Les sœurs jumelles

 

 

                                      I

 

Quelle grâce adorable accompagne leurs pas !

Leurs regards sont si doux, leurs traits si délicats,

Leurs blonds cheveux si fins sur leurs tempes limpides,

Qu’on les dirait les sœurs des rêveuses sylphides,

Ou deux anges du ciel égarés ici-bas.

 

        Ce sont les deux charmantes sœurs

                   Jumelles,

                Comme les fleurs

                Belles et frêles.

 

Adèle et Thérésa, leurs noms sont doux et beaux :

L’une, rieuse enfant, jette à tous les échos

Et sème en son chemin les perles de son rire ;

Et l’autre, sur la lèvre, a le pâle sourire

Aux rayons du couchant de la fleur des tombeaux.

 

        Ce sont les deux charmantes sœurs

                   Jumelles,

                Comme les fleurs

                Belles et frêles.

 

Elles ont tant souffert, ces vierges du bon Dieu,

Dans l’asile où le soir souvent manqua le feu !

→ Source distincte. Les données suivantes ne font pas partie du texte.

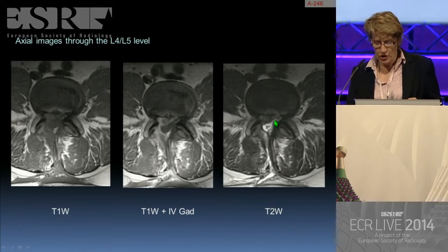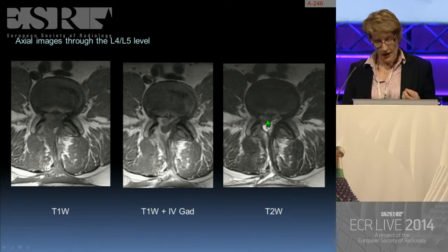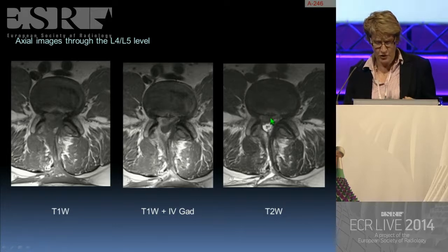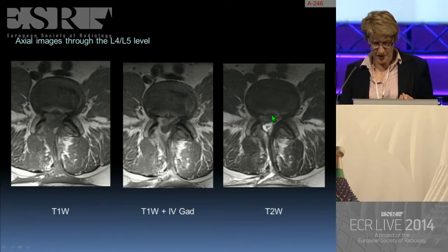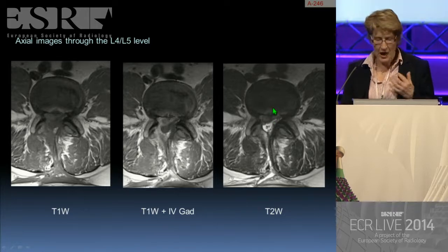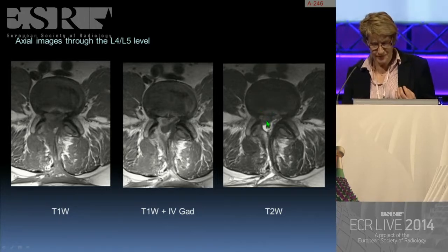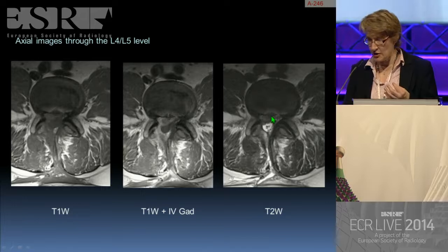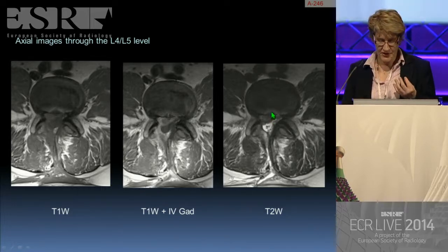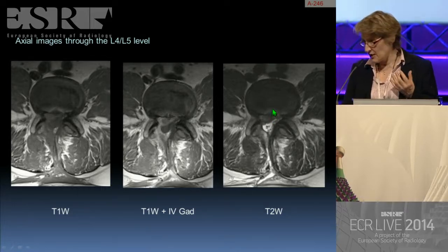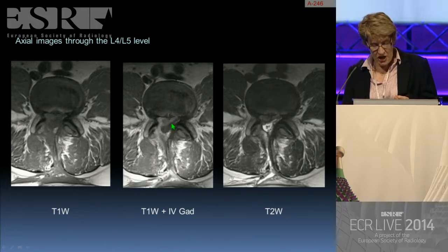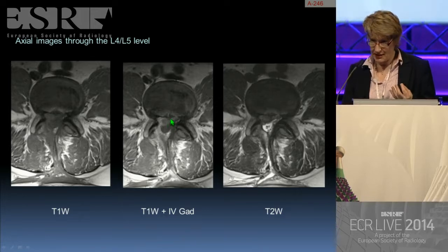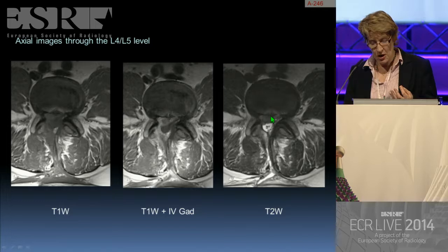We have an extradural lesion, extradural pathology here, compressing the right side of the thecal sac, just in the region of the exit point of that L5 nerve root. If this was an epidural abscess, on T2 we would expect the signal intensity to be high signal — a fluid type of signal — and we might expect peripheral enhancement, but it's not quite the right signal to be an epidural abscess on the T2-weighted study.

Frêles comme les fleurs, la plus frêle s’incline,

Et parfois, au regard, l’auréole divine

À l’entour de son front semble apparaître un peu.

 

        Ce sont les deux charmantes sœurs

                   Jumelles,

                Comme les fleurs

                Belles et frêles.

 

Thérésa, grave et douce, a fléchi sous sa croix ;

Adèle en souriant se dérobe à son poids,

Elle ouvre au vent joyeux ses ailes de colombe ;

Sa sœur, les yeux au ciel, debout sur une tombe,

Des funèbres appels écoute au loin la voix.

 

        Ce sont les deux charmantes sœurs

                   Jumelles,

                Comme les fleurs

                Belles et frêles.

 

Auraient-elles aimé ? ce rêve de bonheur

Qui s’éveille à son heure au fond de notre cœur,

L’ont-elles fait ? Hélas ! les pâles églantines

Se fanent en silence au versant des ravines,

Répandant leur parfum pour le seul Créateur.

 

        Ce sont les deux charmantes sœurs

                   Jumelles,

                Comme les fleurs

                Belles et frêles.

 

 

 

                                      II

 

 

Le matin et le soir, au prochain horizon,

Leur passage toujours enchantait ma prison ;

Je ne les revois plus ; comme les hirondelles

Ont-elles fui l’hiver aux morsures cruelles ?

Je disais, j’attendrai la riante saison.

 

        Ce sont les deux charmantes sœurs

                   Jumelles,

                Comme les fleurs

                Belles et frêles.

 

Mais, hélas ! loin de moi les emportait leur vol :

L’une, depuis longtemps, dédaigneuse du sol,

Remontait vers les cieux au premier vent d’automne,

Un soir qu’en tourbillons roulait la feuille atone ;

Et l’autre s’envolait au chant du rossignol.

 

        Ce sont les deux charmantes sœurs

                   Jumelles,

                Comme les fleurs

                Belles et frêles.

 

Nul ne reverra plus ces anges gracieux

Passer, groupe charmant, front grave et front joyeux :

Thérésa s’effaçant dans l’ombre rejetée ;

Et, miroir souriant de sa sœur attristée,

Adèle précédant un éclair dans les yeux.

 

        Ce sont les deux charmantes sœurs

                   Jumelles,

                Comme les fleurs

                Belles et frêles.

 

Au céleste séjour, où toute âme revit,

L’une à peine arrivait que l’autre la suivit :

Mystérieux lien de ces flammes si belles,

Et d’un même foyer tremblantes étincelles,

La mort souffla sur l’une et l’autre s’éteignit !

 

        Ce sont les deux charmantes sœurs

                   Jumelles,

                Comme les fleurs

                Belles et frêles.

 

 

 

Jean GAIDAN,

Aubes d’avril et

soirs de novembre,

1870.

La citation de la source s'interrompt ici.